WHAT IS EXPECTED
Without the pictures, print the lines from the one holding "Знакомства: Екатерина, 38 лет, Луза" through the last line below, both included, exactly as they stand.

::::::::

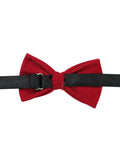 Bowtie for Men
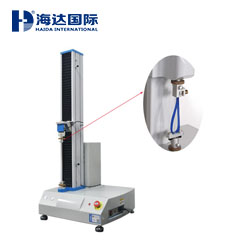 環形初粘試驗機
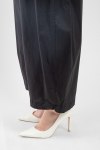 Широкие брюки Pinko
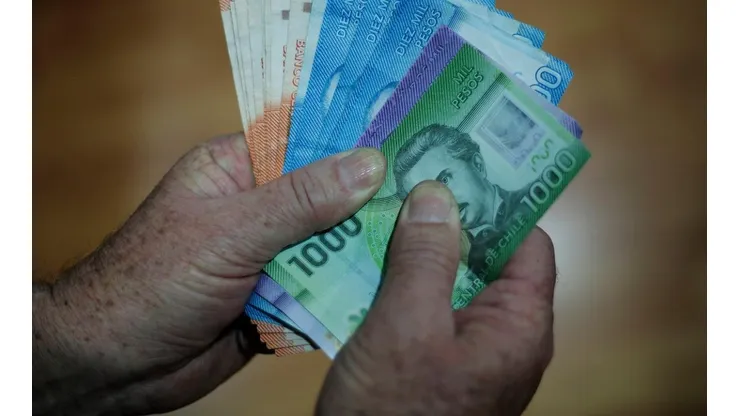 Revisa aquí los montos que entrega el Bono Logro Escolar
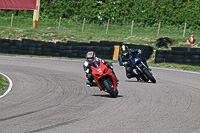 enduro-digital-images;event-digital-images;eventdigitalimages;lydden-hill;lydden-no-limits-trackday;lydden-photographs;lydden-trackday-photographs;no-limits-trackdays;peter-wileman-photography;racing-digital-images;trackday-digital-images;trackday-photos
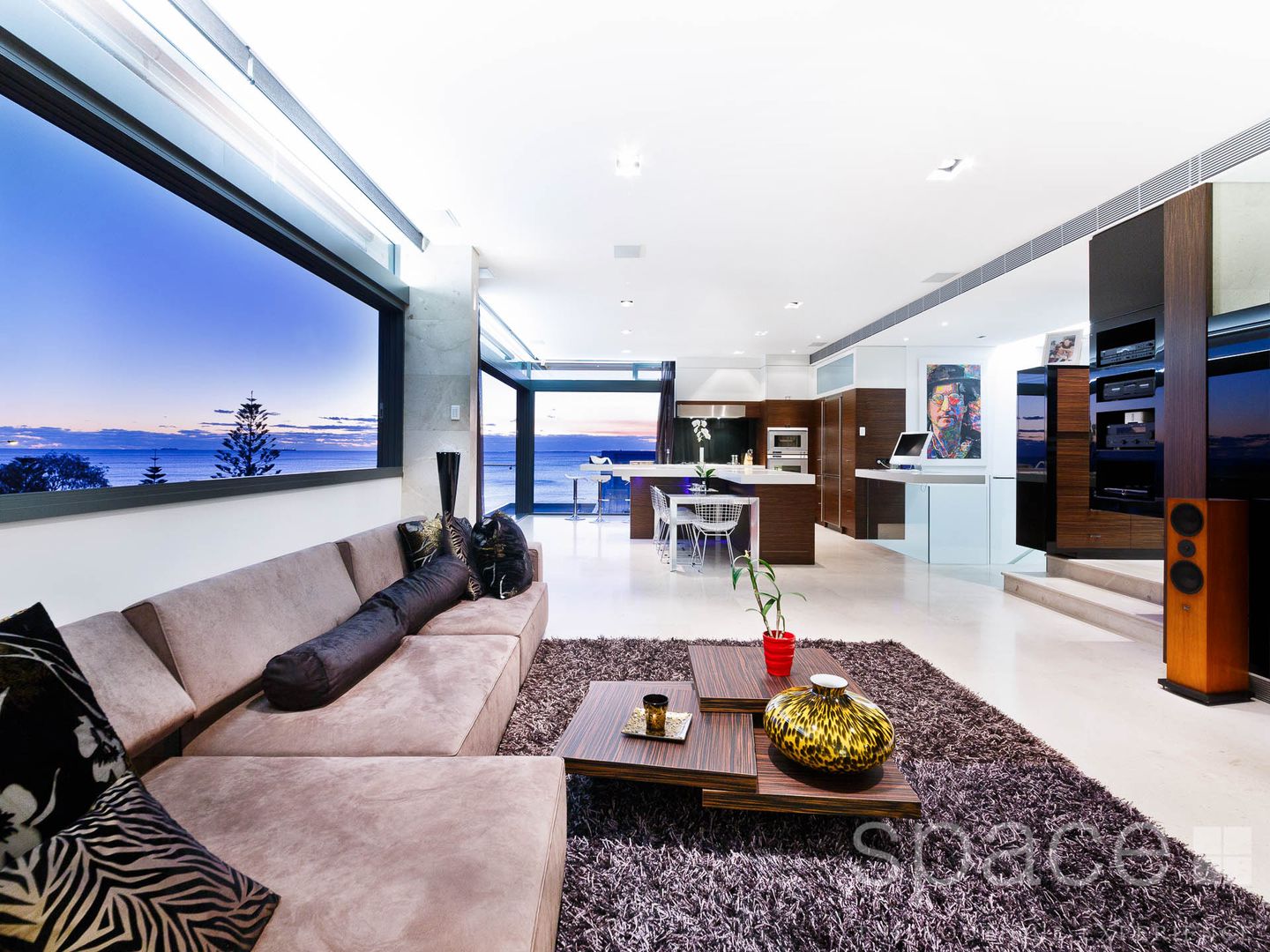 16/134 Marine Parade, Cottesloe WA 6011, Image 2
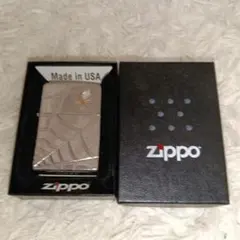 モリタプロダクツ ガウディ ワンドクルーザー ヒッポウ 美品‼️ - メルカリ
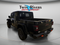 2026 Jeep Gladiator Mojave X 4x4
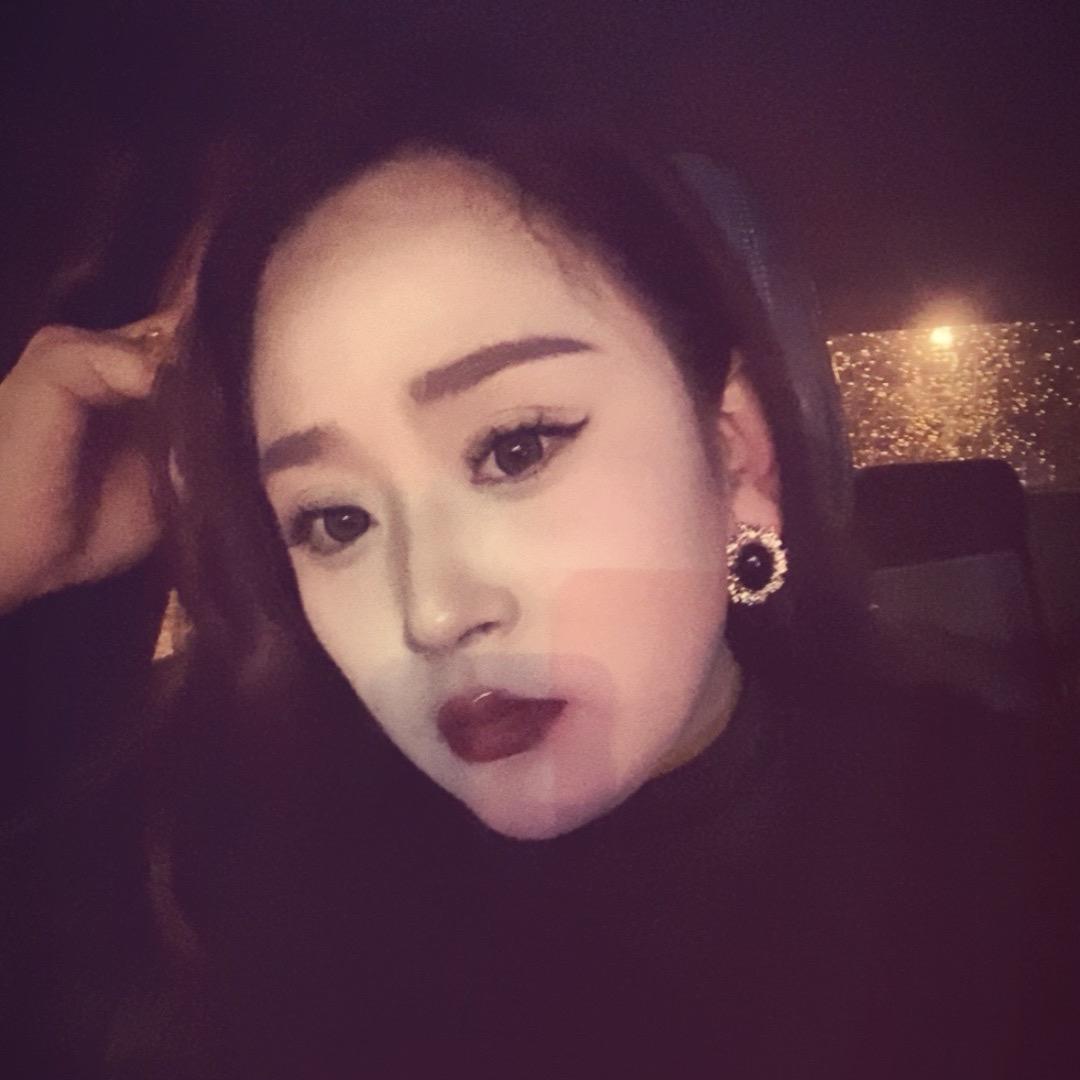 煎妮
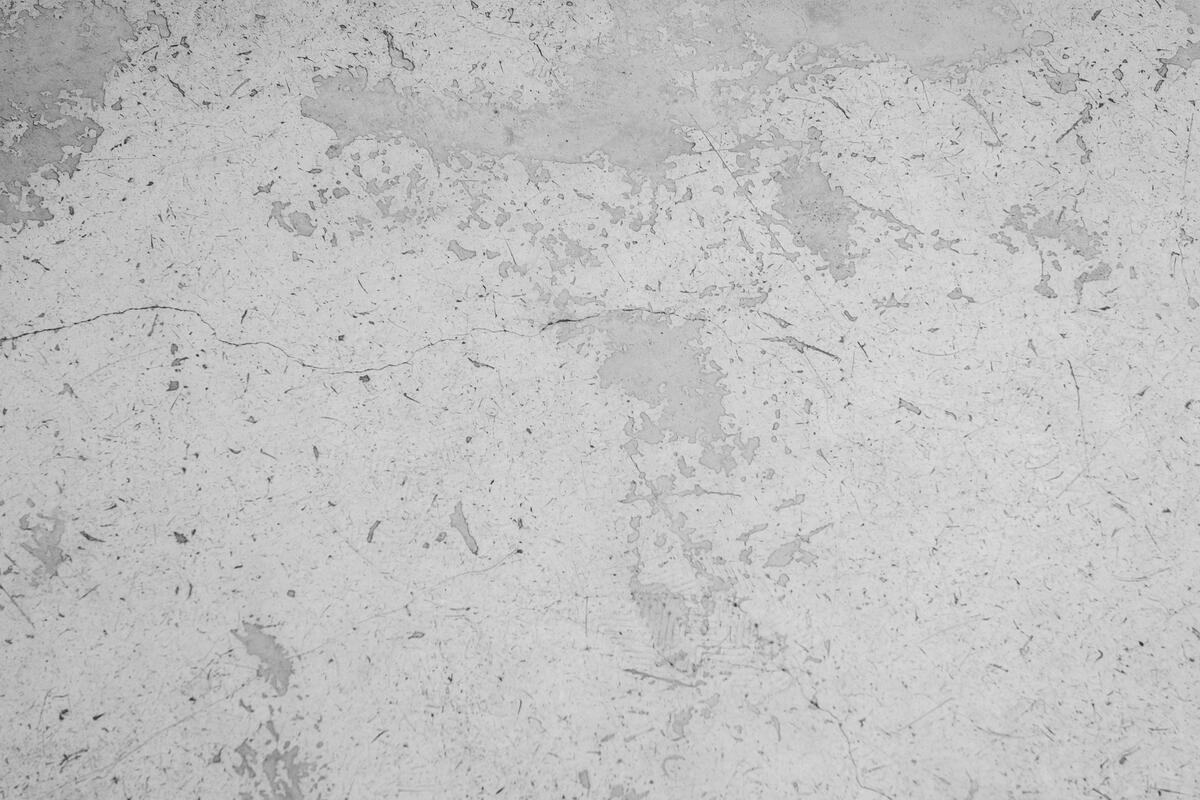 plafond-blanc-fissure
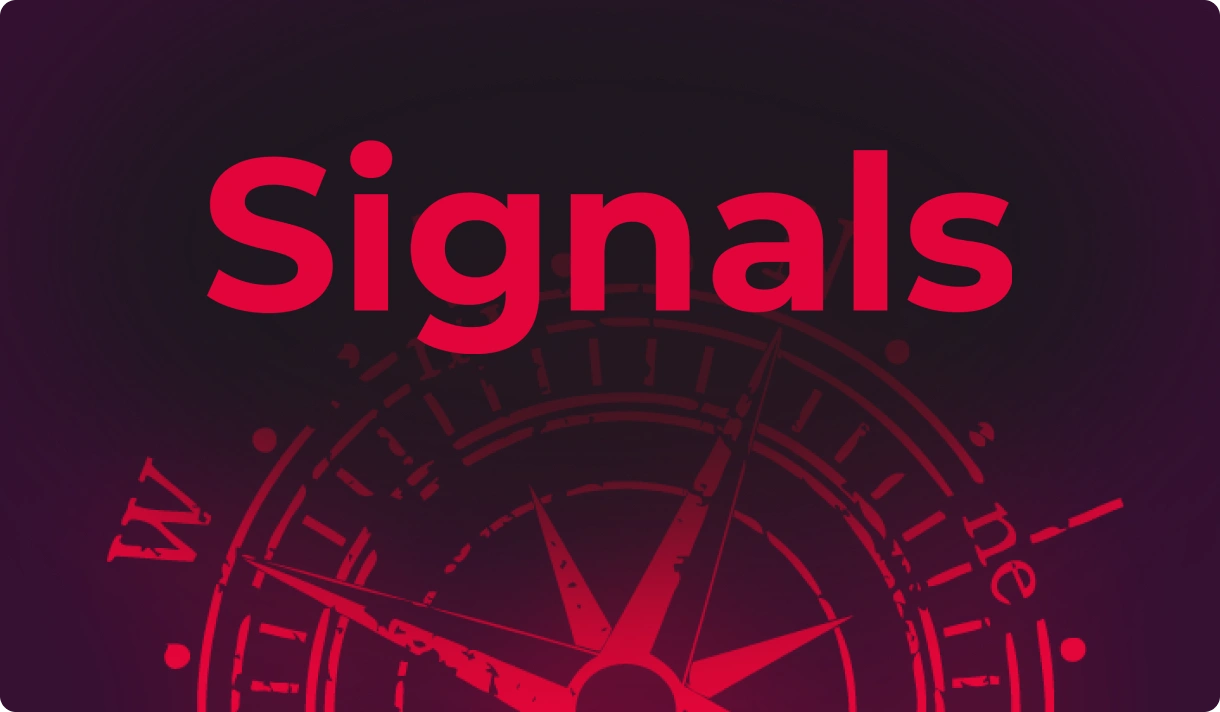 Get Aviator Signals Online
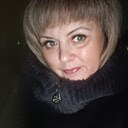 Знакомства: Екатерина, 38 лет, Луза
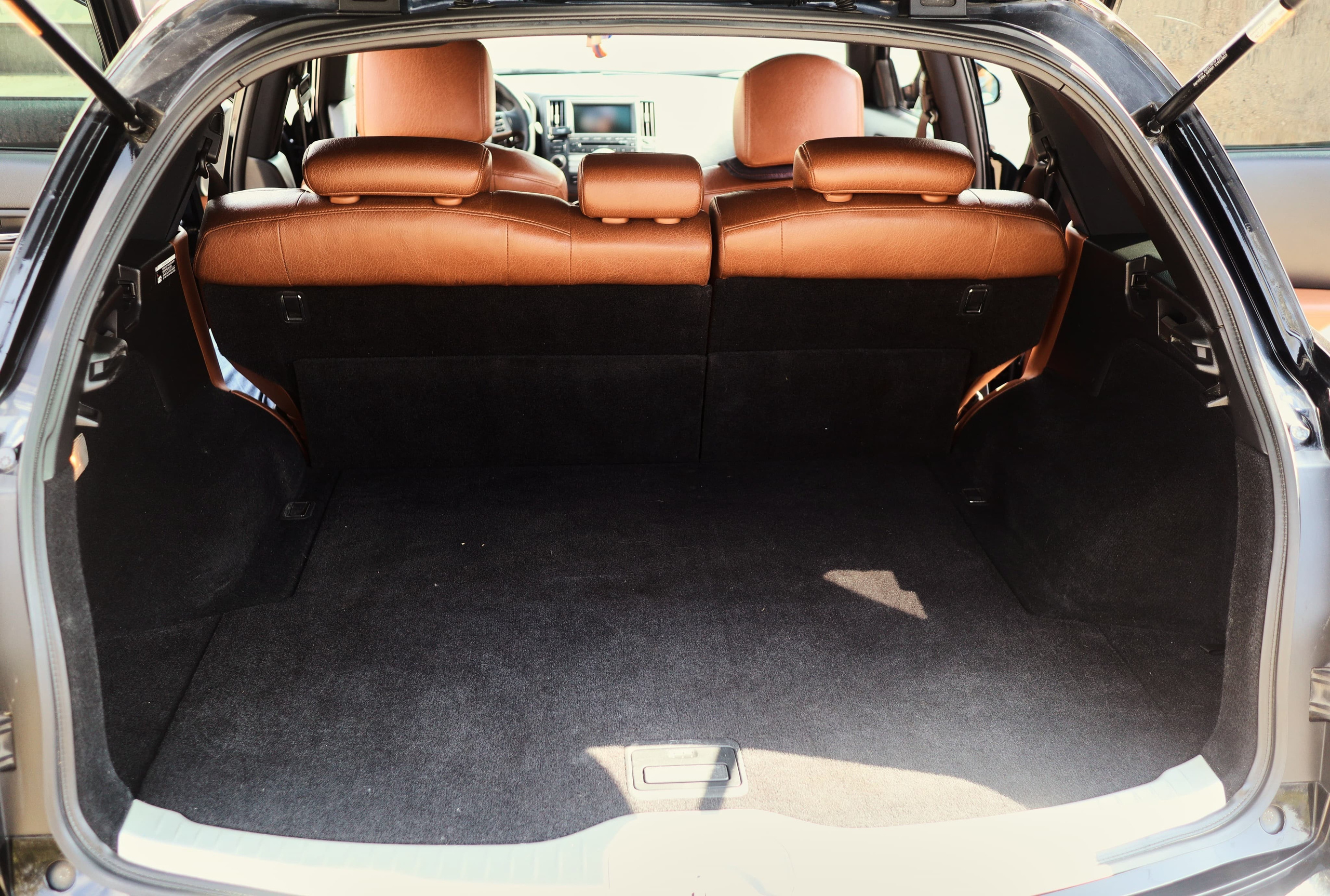 | Infiniti |. Фотограф |Алматы | Ruslan Zhadigerov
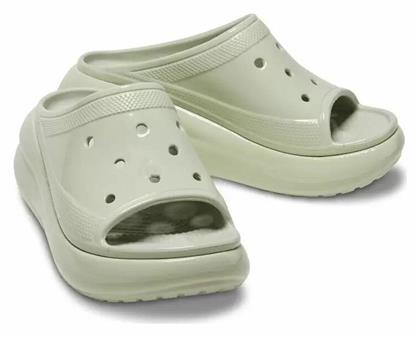 Slides Crocs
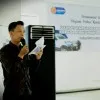 Asrul Ramadhan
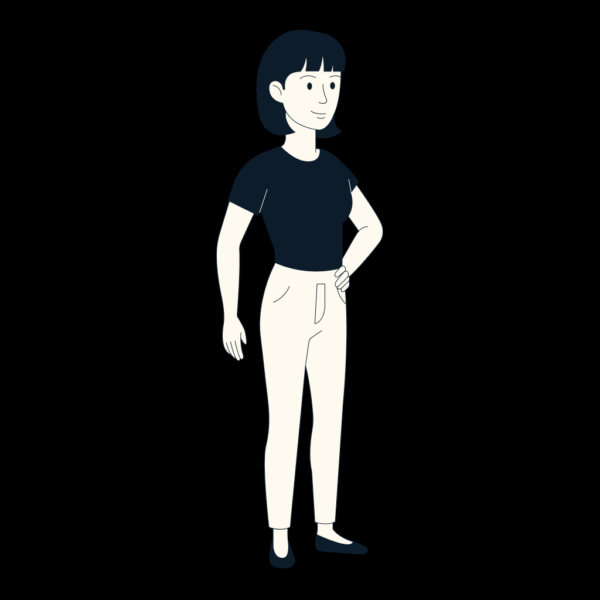 XRay Vector Style - V1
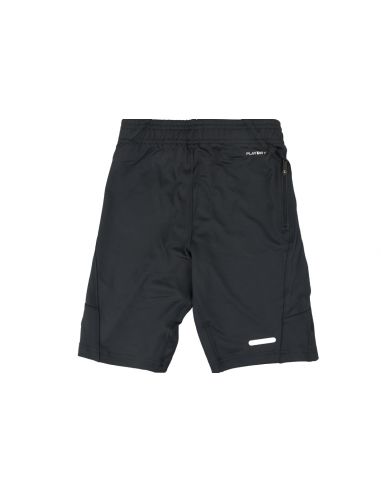 Reebok Ser Short Tight Junior Z08509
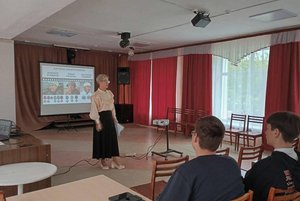 Программа «Знаменитые актеры – участники Великой Отечественной войны»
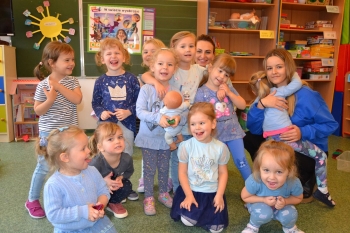 unicef19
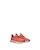 color Flame/White 4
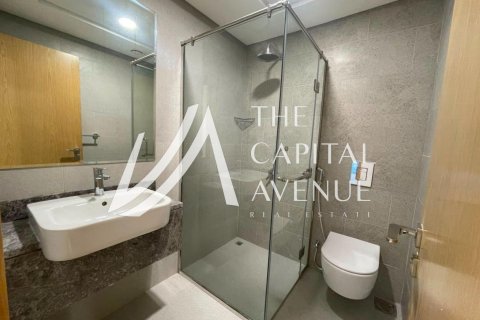 3 bedrooms Apartment in Al Reem Island, UAE No. 188198 14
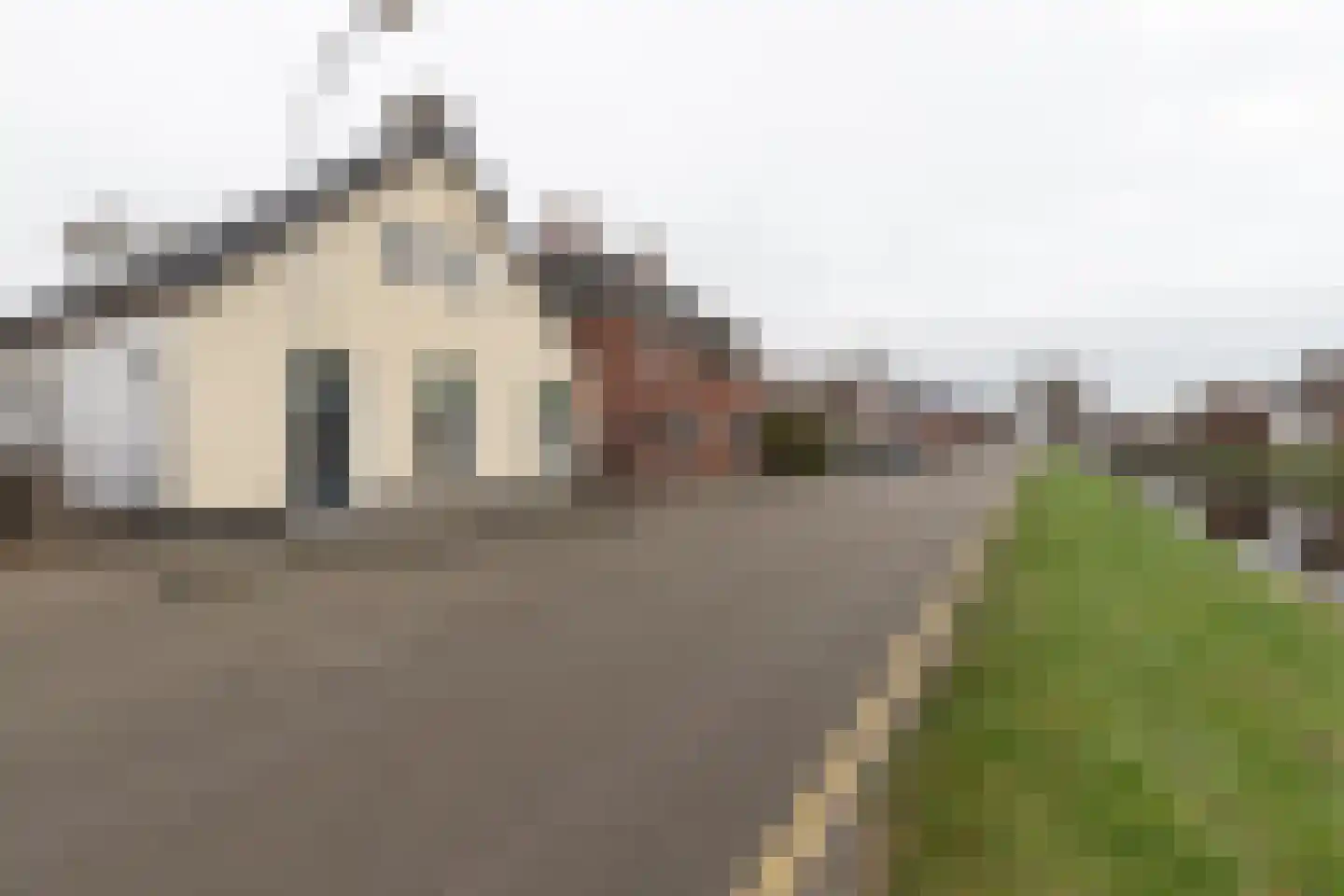 Raadhuisstraat 49 Wildervank thumbnail 6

::::::::

WRITTEN ANSWER
 Знакомства: Екатерина, 38 лет, Луза
 | Infiniti |. Фотограф |Алматы | Ruslan Zhadigerov
 Slides Crocs
 Asrul Ramadhan
 XRay Vector Style - V1
 Reebok Ser Short Tight Junior Z08509
 Программа «Знаменитые актеры – участники Великой Отечественной войны»
 unicef19
 color Flame/White 4
 3 bedrooms Apartment in Al Reem Island, UAE No. 188198 14
 Raadhuisstraat 49 Wildervank thumbnail 6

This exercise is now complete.